Effect of global shifts in population

Published November 4, 2001

WASHINGTON: A tectonic movement is taking place in world demographics as population shifts from the first (industrialized) to the third (developing) world. It will have profound effects on relations between countries and on political, economic, and social forces within countries. Populations in the first world are getting older; those in the third world are getting younger. The first world has slow population growth - the third world, fast. The first world needs more workers to fill jobs; the third world needs more jobs to employ idle workers.

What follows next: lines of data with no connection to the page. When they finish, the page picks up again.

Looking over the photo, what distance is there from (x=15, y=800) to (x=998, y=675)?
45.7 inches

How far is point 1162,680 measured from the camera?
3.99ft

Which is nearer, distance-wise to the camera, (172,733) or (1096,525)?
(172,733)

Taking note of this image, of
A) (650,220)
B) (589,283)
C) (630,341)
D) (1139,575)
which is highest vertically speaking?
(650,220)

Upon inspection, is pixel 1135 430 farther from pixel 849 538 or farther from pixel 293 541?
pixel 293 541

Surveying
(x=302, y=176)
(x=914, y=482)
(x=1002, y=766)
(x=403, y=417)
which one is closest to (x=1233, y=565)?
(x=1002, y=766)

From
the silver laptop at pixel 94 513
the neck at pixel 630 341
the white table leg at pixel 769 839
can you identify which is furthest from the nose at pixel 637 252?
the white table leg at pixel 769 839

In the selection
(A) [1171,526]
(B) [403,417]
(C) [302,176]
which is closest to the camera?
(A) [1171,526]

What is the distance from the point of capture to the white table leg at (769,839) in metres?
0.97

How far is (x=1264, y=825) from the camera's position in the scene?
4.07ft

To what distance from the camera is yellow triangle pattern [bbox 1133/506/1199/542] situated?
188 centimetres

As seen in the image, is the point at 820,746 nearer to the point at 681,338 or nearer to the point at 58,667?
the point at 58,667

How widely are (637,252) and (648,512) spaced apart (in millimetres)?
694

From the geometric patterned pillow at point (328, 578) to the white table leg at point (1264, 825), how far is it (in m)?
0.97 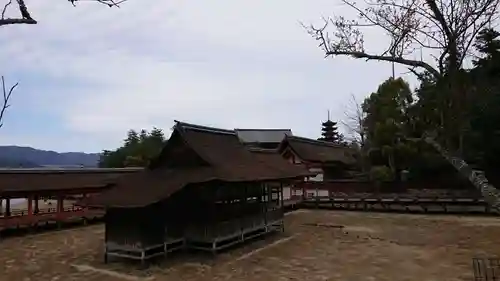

These disparities are interrelated. Aging populations mean declining populations - fewer young people and fewer babies. Smaller workforces have to support more people receiving social security and needing more-expensive medical care. Even with increasing productivity per worker, sooner or later, there will be economic decline. There will be reduced manpower for defence establishments. This means deadlier weaponry as an offset. Younger populations mean more babies and more people. There are more people of working age to support fewer people of retirement age. There is also more manpower to support defence establishments. Whether more manpower means more economic growth and stronger military forces depends on governments’ success in providing productive employment and better weapons.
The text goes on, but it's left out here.